▶ **Instructions for the task**
Below is a listing with pictures. Repeat exactly the lines starting at the one holding "touches home 🛒✨" and going on through the one holding "Unsere deutsche U15-Nationalmannschaft", and leave every picture out.

▶ **Supplied data**
◆ ◆ ◆

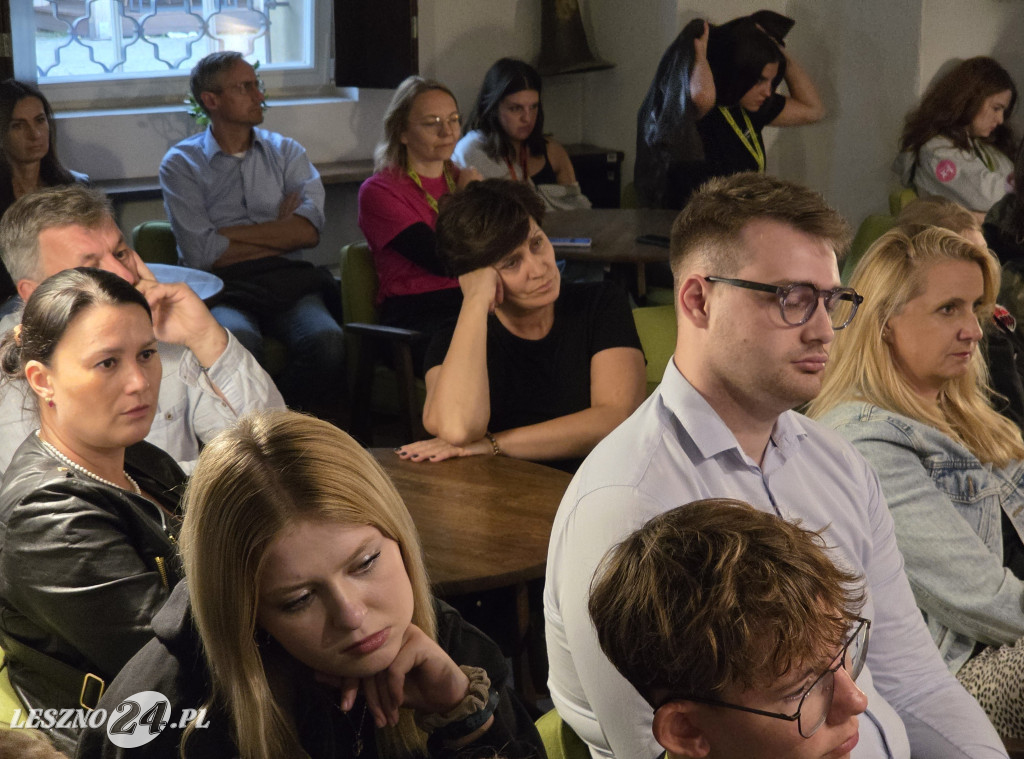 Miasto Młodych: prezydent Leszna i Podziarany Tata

◆ ◆ ◆

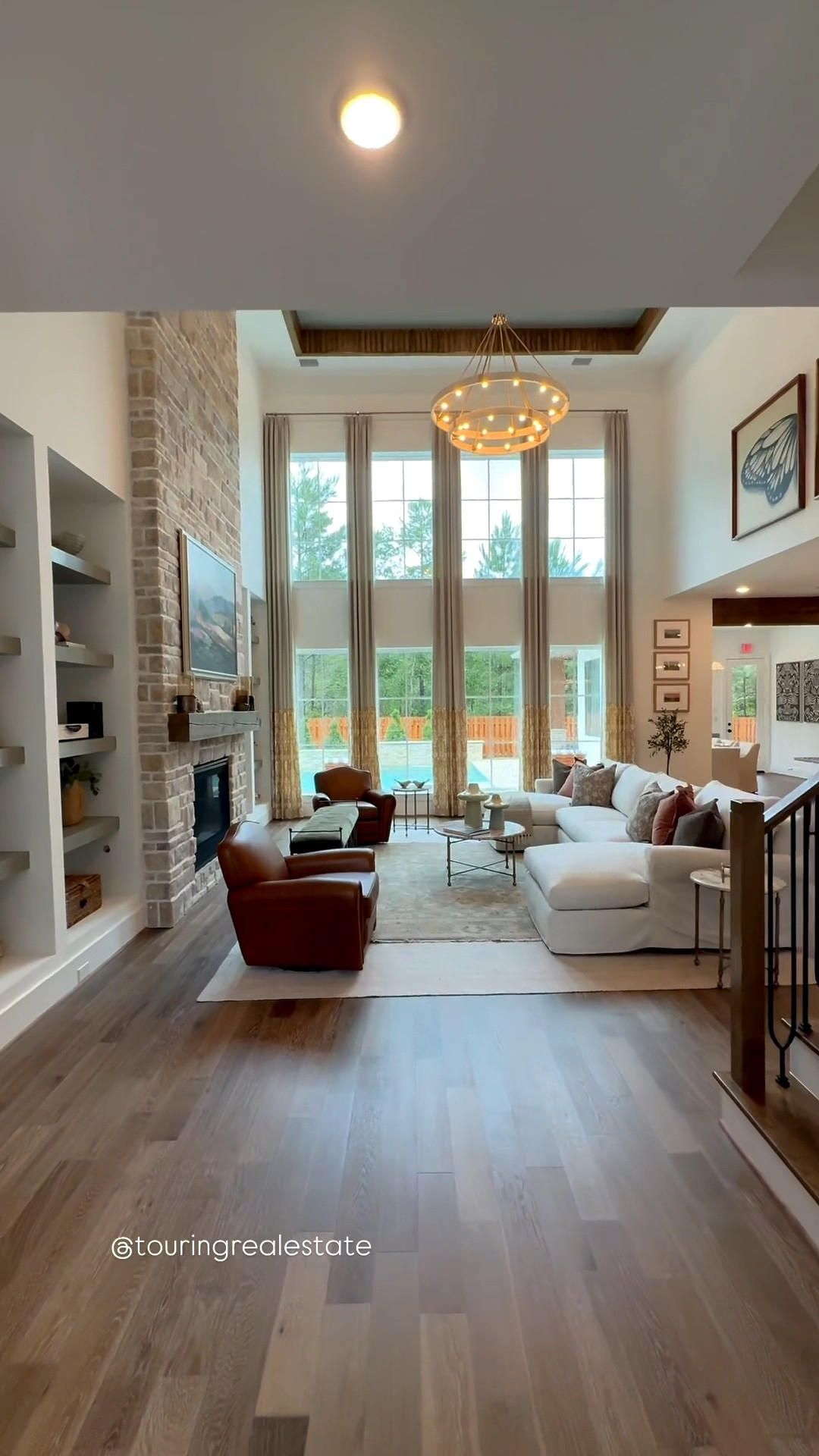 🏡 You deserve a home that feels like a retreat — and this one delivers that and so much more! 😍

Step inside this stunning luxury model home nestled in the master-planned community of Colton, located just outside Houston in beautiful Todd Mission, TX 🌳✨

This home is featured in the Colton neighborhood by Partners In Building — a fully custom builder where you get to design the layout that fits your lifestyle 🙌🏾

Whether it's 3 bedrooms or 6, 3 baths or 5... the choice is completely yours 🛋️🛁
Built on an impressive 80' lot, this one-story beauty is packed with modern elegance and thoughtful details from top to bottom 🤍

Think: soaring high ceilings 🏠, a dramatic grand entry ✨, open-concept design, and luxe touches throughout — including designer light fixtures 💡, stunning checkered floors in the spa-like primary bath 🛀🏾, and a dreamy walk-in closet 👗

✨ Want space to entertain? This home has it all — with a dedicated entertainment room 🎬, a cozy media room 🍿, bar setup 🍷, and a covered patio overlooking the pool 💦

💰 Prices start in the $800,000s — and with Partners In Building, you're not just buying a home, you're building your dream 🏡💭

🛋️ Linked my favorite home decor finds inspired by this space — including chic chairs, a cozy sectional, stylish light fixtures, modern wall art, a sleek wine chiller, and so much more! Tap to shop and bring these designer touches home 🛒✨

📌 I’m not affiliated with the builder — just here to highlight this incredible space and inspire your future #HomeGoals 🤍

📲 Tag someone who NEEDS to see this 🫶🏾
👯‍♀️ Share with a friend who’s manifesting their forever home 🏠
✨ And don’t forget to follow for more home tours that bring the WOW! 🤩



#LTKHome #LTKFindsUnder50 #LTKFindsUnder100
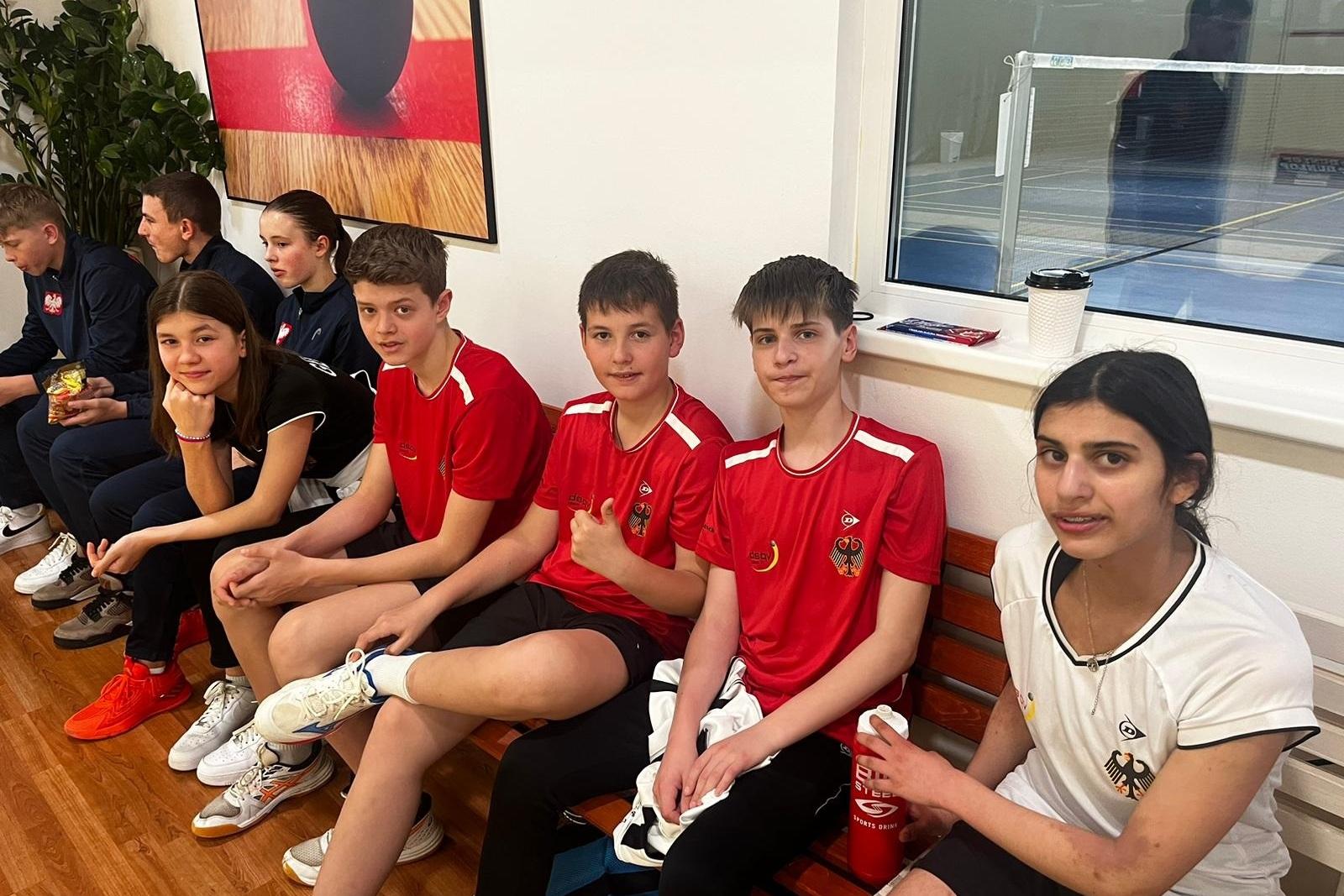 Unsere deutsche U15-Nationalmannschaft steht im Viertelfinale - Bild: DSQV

◆ ◆ ◆

▶ **Reply**
🛋️ Linked my favorite home decor finds inspired by this space — including chic chairs, a cozy sectional, stylish light fixtures, modern wall art, a sleek wine chiller, and so much more! Tap to shop and bring these designer touches home 🛒✨

📌 I’m not affiliated with the builder — just here to highlight this incredible space and inspire your future #HomeGoals 🤍

📲 Tag someone who NEEDS to see this 🫶🏾
👯‍♀️ Share with a friend who’s manifesting their forever home 🏠
✨ And don’t forget to follow for more home tours that bring the WOW! 🤩



#LTKHome #LTKFindsUnder50 #LTKFindsUnder100
 Unsere deutsche U15-Nationalmannschaft steht im Viertelfinale - Bild: DSQV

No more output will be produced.